Publishing data on Zenodo
The process of publishing a dataset to the Zenodo data repository
requires a validated dataset and the subcommands of the safedata_zenodo tool. These
commands use two different JSON metadata files.
Dataset metadata
The safedata_validate command generates a JSON file
containing a standard JSON description of the metadata in the dataset and of the data
tables it contains. Some of this metadata is used to populate the Zenodo description of
the published dataset files.
The dataset metadata is also used to populate the database of a metadata server.
This is a separate website that provides the API for searching available data and forms
the main data discovery backend for the safedata R package.
Zenodo deposit metadata
The Zenodo API uses JSON metadata to return key details on a Zenodo deposit that is being prepared or published. It contains key API links that are used to provide file details. This file will be generated when a new deposit is generated and is then used to carry out the other publication steps.
The safedata_zenodo tool
Info
The subcommands of the safedata_zenodo tools require that the zenodo
section of the resources configuration
be completed.
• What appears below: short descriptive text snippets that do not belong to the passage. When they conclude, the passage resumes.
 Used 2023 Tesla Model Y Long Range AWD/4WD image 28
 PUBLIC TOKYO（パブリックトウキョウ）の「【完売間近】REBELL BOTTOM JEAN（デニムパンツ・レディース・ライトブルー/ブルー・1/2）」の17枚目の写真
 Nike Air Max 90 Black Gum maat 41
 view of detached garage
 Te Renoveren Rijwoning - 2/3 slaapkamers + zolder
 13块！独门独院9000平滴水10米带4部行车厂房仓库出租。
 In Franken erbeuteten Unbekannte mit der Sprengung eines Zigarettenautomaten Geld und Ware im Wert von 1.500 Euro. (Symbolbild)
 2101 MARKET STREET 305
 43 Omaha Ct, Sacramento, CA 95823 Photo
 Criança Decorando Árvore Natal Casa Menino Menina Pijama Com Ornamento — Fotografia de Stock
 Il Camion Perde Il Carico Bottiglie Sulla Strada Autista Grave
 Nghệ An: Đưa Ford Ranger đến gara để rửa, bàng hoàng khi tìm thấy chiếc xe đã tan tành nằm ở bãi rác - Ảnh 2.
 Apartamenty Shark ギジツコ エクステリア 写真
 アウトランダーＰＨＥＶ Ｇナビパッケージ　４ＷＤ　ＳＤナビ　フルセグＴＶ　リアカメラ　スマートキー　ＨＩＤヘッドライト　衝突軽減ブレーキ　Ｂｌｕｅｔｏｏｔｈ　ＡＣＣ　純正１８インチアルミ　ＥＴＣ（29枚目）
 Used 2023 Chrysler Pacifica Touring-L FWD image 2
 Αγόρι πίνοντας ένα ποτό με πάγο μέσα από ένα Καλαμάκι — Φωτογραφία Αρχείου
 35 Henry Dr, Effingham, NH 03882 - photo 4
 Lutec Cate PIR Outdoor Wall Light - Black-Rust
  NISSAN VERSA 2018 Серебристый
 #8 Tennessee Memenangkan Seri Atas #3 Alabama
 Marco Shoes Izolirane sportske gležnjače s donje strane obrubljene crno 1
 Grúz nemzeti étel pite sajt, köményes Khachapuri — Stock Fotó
This is not required for simply validating datasets.
The safedata_zenodo command line tool provides the following subcommands which
are used to publish data, post metadata and help maintain and document published
datasets.
The top level command line help for the tool, showing the available subcommands is shown below:
cl_prompt $ safedata_zenodo -h
usage: safedata_zenodo [-h] [-r RESOURCES] [-s] [-q] ...
Publish validated datasets to Zenodo using a command line interface.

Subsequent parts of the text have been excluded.